### TASK TO CARRY OUT
Given the entries below, would you transcribe exactly the lines starting at the one with "[서울=뉴시스] 황준선 기자" and ending at the one with "Appartamento A Campiglio Sulle Piste Da Sci", both kept, pictures omitted, nothing extra?

=== Section Start ===

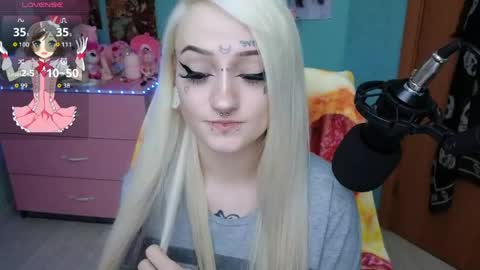 Snapshot of manuela_unicorn chatting on 05/27/26, 09:01 Manuela online show from 05/27/26, 09:01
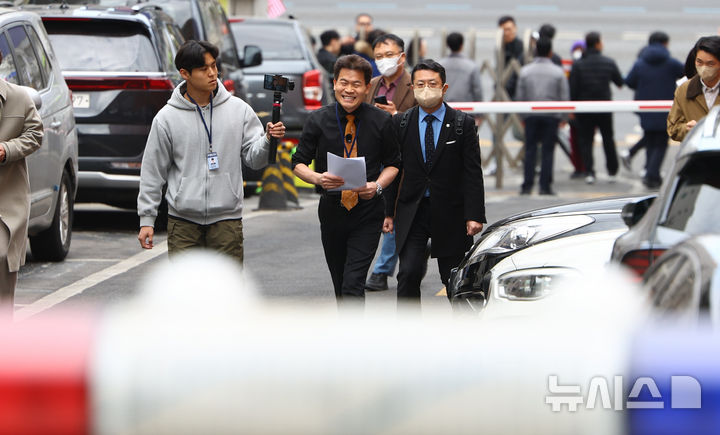 [서울=뉴시스] 황준선 기자 = 이준석 개혁신당 대표가 고발한 '부정선거 주장' 관련 혐의를 받는 한국사 강사 출신 보수 유튜버 전한길 씨가 27일 서울 동작구 서울경찰청 형사기동대에 피의자 신분으로 조사를 받기 위해 출석하고 있다. 2026.02.27. hwang@newsis.com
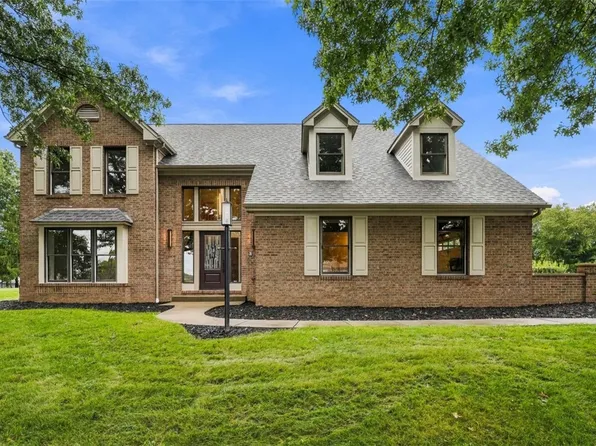 2037 Broad Hill Farms Rd, Coraopolis, PA 15108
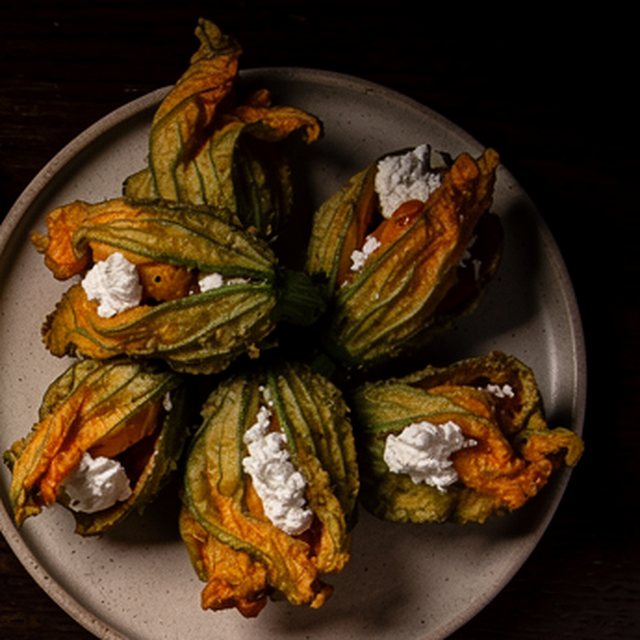Zucchini flowers stuffed with ricotta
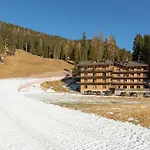 Appartamento A Campiglio Sulle Piste Da Sci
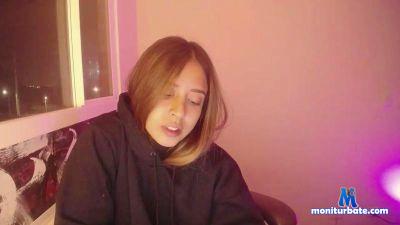 Xamm_villa cam4 bisexual performer from Kingdom of Spain livetouch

=== Section End ===

### TASK OUTPUT
 [서울=뉴시스] 황준선 기자 = 이준석 개혁신당 대표가 고발한 '부정선거 주장' 관련 혐의를 받는 한국사 강사 출신 보수 유튜버 전한길 씨가 27일 서울 동작구 서울경찰청 형사기동대에 피의자 신분으로 조사를 받기 위해 출석하고 있다. 2026.02.27. hwang@newsis.com
 2037 Broad Hill Farms Rd, Coraopolis, PA 15108
Zucchini flowers stuffed with ricotta
 Appartamento A Campiglio Sulle Piste Da Sci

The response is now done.